The push for accountability has taken extreme rhetorical turns. Rep. Clay Fuller, a Georgia Republican who assumed a seat previously held by Marjorie Taylor Greene, told a conservative podcast that lawmakers who commit rape while in positions of public trust should face the death penalty. He framed the proposal as targeted legislation for those who betray public confidence, though such language risks turning a serious conversation about institutional integrity into partisan spectacle.

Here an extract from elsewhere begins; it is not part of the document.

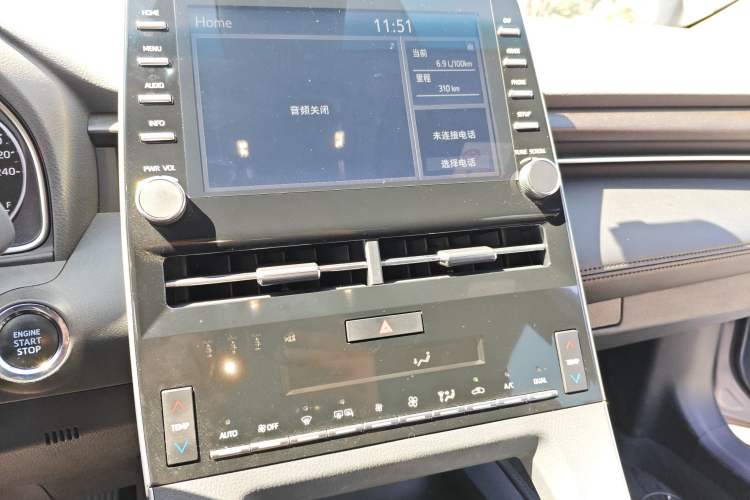 Used Toyota Avalon 2019 2.0L XLE Premium Edition China VI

Yet the underlying pattern is difficult to dismiss. Allegations of financial self-dealing, sexual misconduct, and abuse of power have surfaced across party lines. Democrats appear ready to abandon Cherfilus-McCormick in significant numbers. Republicans face their own internal divisions over Mills. The involvement of figures as disparate as Ocasio-Cortez and Boebert suggests that public tolerance for congressional misbehavior may have reached a limit that transcends typical polarization.
Still, the focus on individual punishment risks obscuring deeper structural problems. The House has never developed reliable, independent mechanisms for investigating and sanctioning its members that both sides trust. Ethics processes remain vulnerable to partisan capture or mutual protection arrangements. When the system only produces consequences after sustained external pressure and media attention, it reinforces public cynicism about whether anyone inside the institution is truly committed to self-governance.

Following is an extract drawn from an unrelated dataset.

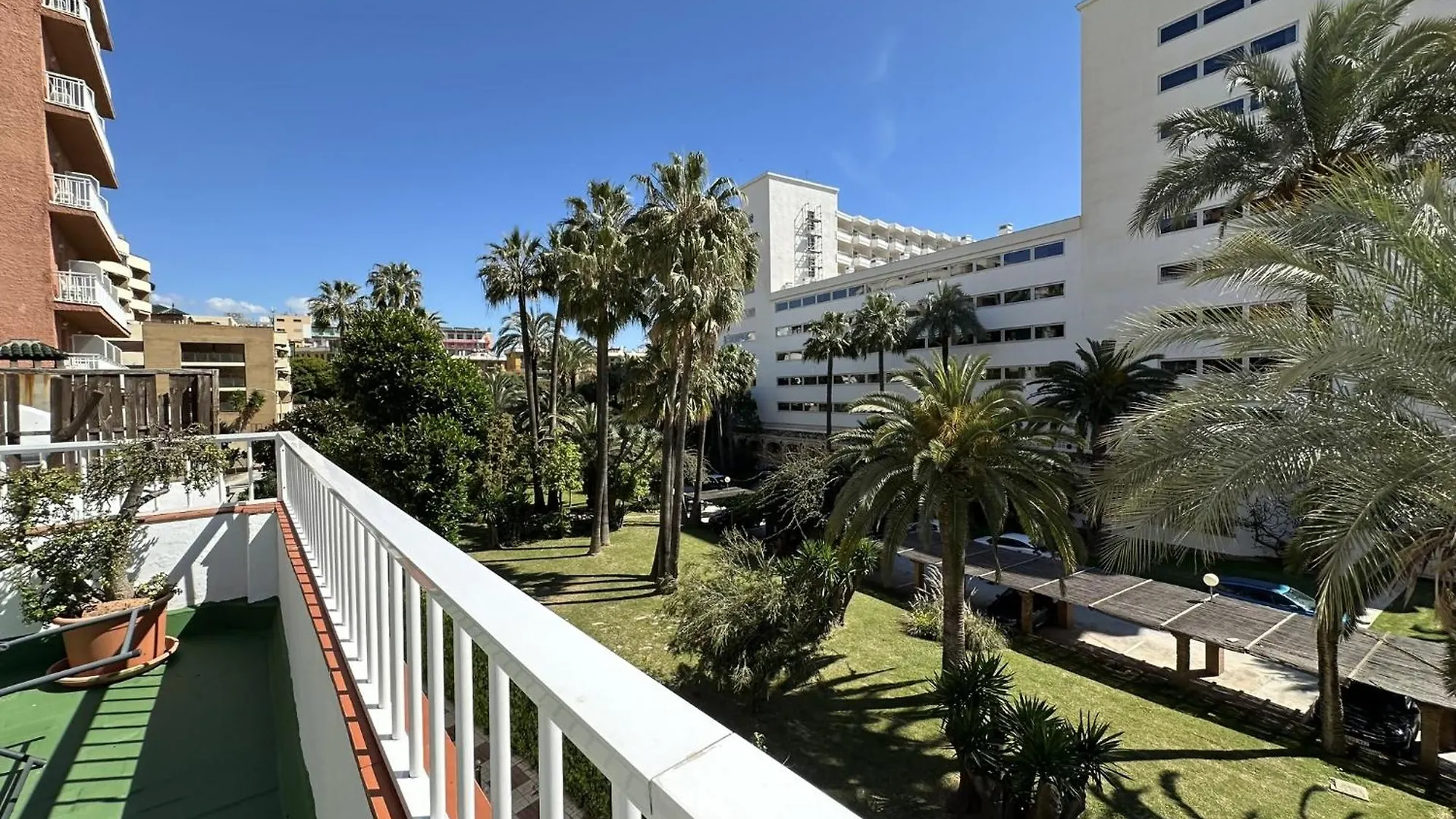 Semesterbostad Casa La Raspa 2 Minutos De La Playa Bajondillo Torremolinos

The coming days will test whether the current momentum produces lasting change or simply another cycle of selective outrage. Tuesday's Ethics Committee hearing on Cherfilus-McCormick, the pending vote on Mace's expulsion resolution, and the broader conversation about what constitutes accountability will determine if Congress can demonstrate it retains the capacity to police itself. History suggests skepticism is warranted, but the unusual cross-aisle alliances forming around these cases offer a narrow opening for reform that extends beyond any single lawmaker.